- **PROBLEM**: Please output the listing below character for character and omit the images.

- **GIVEN MATERIAL**:
------------------------------------------------------------
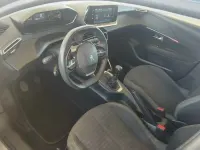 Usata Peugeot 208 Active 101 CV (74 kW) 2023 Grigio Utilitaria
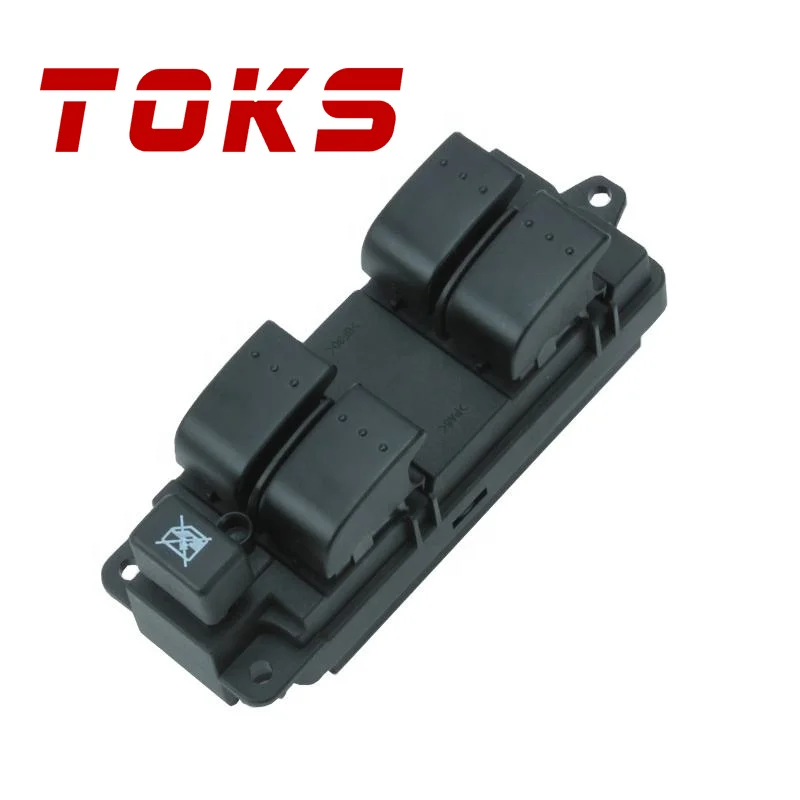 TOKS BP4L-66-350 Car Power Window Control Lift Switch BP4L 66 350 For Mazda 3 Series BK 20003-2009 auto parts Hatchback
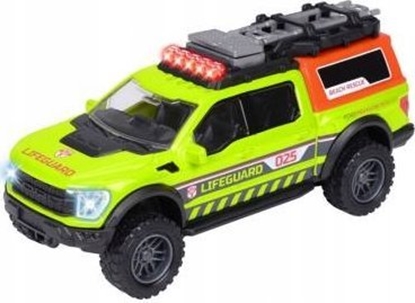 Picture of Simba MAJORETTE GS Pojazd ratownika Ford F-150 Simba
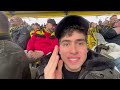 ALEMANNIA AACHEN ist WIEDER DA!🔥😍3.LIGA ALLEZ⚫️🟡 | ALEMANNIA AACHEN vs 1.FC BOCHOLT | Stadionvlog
------------------------------------------------------------
- **OUTPUT**:
 Usata Peugeot 208 Active 101 CV (74 kW) 2023 Grigio Utilitaria
 TOKS BP4L-66-350 Car Power Window Control Lift Switch BP4L 66 350 For Mazda 3 Series BK 20003-2009 auto parts Hatchback
 Picture of Simba MAJORETTE GS Pojazd ratownika Ford F-150 Simba
 ALEMANNIA AACHEN ist WIEDER DA!🔥😍3.LIGA ALLEZ⚫️🟡 | ALEMANNIA AACHEN vs 1.FC BOCHOLT | Stadionvlog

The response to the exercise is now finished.